Im April 1938 soll Kippes Burschen in Frammersbach auf deren "Heil Hitler" hin mit "In Ewigkeit Amen" geantwortet haben; im Juni 1941 widersetzte sich Kippes, wie eine ganze Reihe von anderen Geistlichen im Bistum Würzburg, dem Verbot, die Fronleichnamsprozession unter der Woche am Fronleichnamstag abzuhalten, und ließ sie obendrein durch die Hauptstraße laufen; zweimal soll er sich zudem geweigert haben, für gefallene katholische Partensteiner einen Trauergottesdienst zu halten oder die Sterbeglocke zu läuten, erst recht sie zu beerdigen – vorgeblich weil diese mit einer Protestantin verheiratet waren.

Partensteiner vereint im Hass gegen den Nationalsozialismus

Alle Verfahren gegen Kippes, etwa wegen Kanzelmissbrauchs, wurden eingestellt, weil dieser sich erfolgreich auf entsprechende gesetzliche Regelungen und Gerichtsurteile oder auf den Auftrag seines Bischofs berufen konnte. "Bei ihm gibt es nur eine Autorität, das ist sein Bischof und Rom", urteilte NSDAP-Kreisleiter Röß. Sogar das Verfahren um Entzug seines Lehrauftrags an der Berufsschule wurde eingestellt.
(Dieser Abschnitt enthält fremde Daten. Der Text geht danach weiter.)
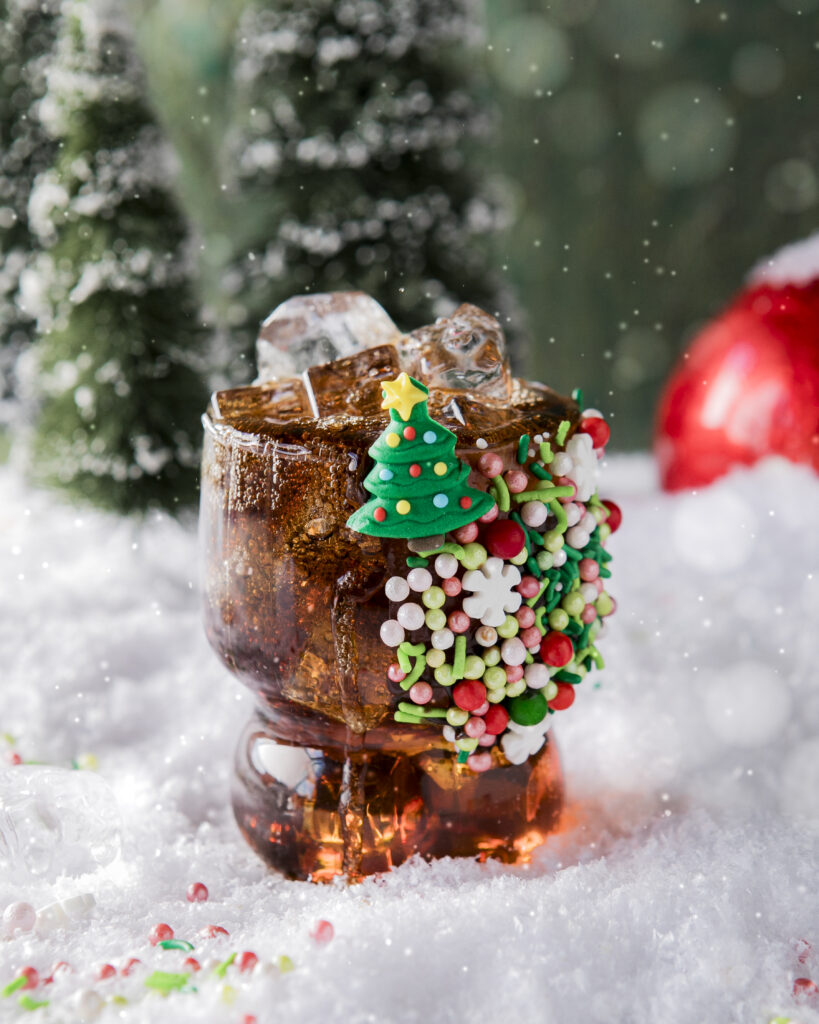 A snowy surface with a cola cocktail in a clear glass adorned with lots of red, green, and white holiday candy sprinkles as garnish on the glass made to remind you of Buddy's breakfast in the move Elf.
Schrieb Röß 1938: "Er (Kippes) ist damit der einzige bewusste Landesverräter von Partenstein", so schrieb er 1943, dass Evangelische und Katholiken in Partenstein sich nicht mehr als Feinde betrachteten – seit 1938 seien sie "völlig einig und werden durch den gemeinsamen Haß gegen den Nationalsozialismus verbunden". Interessanterweise war Kippes stets vorgeworfen worden, er würde einen Keil in die Partensteiner "Volksgemeinschaft" treiben, das Gegenteil scheint der Fall gewesen zu sein.
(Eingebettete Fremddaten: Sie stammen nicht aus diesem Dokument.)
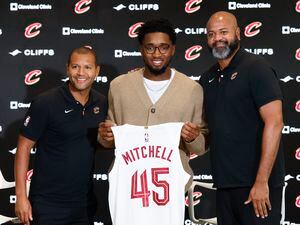 Cleveland Cavaliers guard Donovan Mitchell, center, holds up his jersey along with president of basketball operations Koby Altman, left, and head coach J.B. Bickerstaff during an NBA basketball news conference, Wednesday, Sept. 14, 2022, in Cleveland. (AP Photo/Ron Schwane)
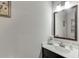 Powder room with white countertop, dark cabinets, framed mirror, and decorative towel at 470 Wagon Hill Ln, Sugar Hill, GA 30518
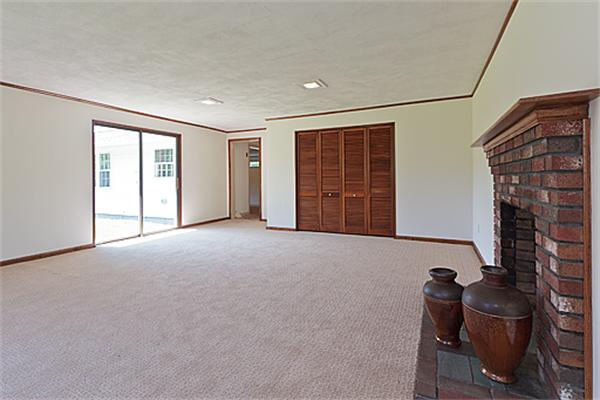 11 Irene Road Framingham, MA 01701 - Photo 8 of 16 a view of an empty room with a fireplace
Asteroid nach Kippes benannt

Kippes, der 1949 Partenstein verließ, war vielseitig interessiert. Besonders angetan hatten es ihm die Disziplinen Mathematik, Physik, Astronomie und Zoologie. Über seine Freizeitbeschäftigungen führte er akribisch Buch: Er reiste gern (etwa 40 Flugreisen) und ging über 300 Mal in Zoos, auch in den USA, wobei er rund 1300 Dias von Tieren erstellte.  Nur aus seiner geplanten Reise zu den Beuteltieren in Australien in den 60ern wurde nichts, weil er für seine Gemeinde keinen Stellvertreter fand. Auch auf Reisen feierte er täglich einen Gottesdienst, steht über ihn zu lesen.

Das Feld, auf dem es Kippes zu einiger Berühmtheit brachte, war die Astronomie. Ab 1940 berechnete er Bahnen von Kleinplaneten, wofür er nur einen Bleistift und eine Logarithmentafel verwendet haben soll, ab etwa 1968 den ersten erhältlichen Taschenrechner. Er konnte mehr als 780 Kleinplaneten identifizieren. 1959 wurde Kippes deshalb von der Deutschen Akademie der Wissenschaften die Leibniz-Medaille verliehen, 1991 erhielt er zudem von der Astronomical Society of the Pacific eine Auszeichnung für seine Verdienste, den "Amateur Achievement Award". Sogar ein Asteroid wurde nach ihm benannt, der (1780) Kippes.

Otto Kippes
Otto Kippes, am 23. Juli 1905 geboren in Bamberg, besuchte in Münnerstadt das Gymnasium der Augustiner und machte sein Abitur in Würzburg. Nach vorhergehenden Stellen in Schmerlenbach und Baunach kam er am 15. November 1933 nach Partenstein – zunächst als Expositus, später als Pfarrer.
Im Februar 1949 übernahm Kippes die Pfarrstelle in Glattbach bei Aschaffenburg, 1966 in Reckendorf bei Bamberg. 1975 ging er in Würzburg in den Ruhestand, wo er am 2. Februar 1994 starb.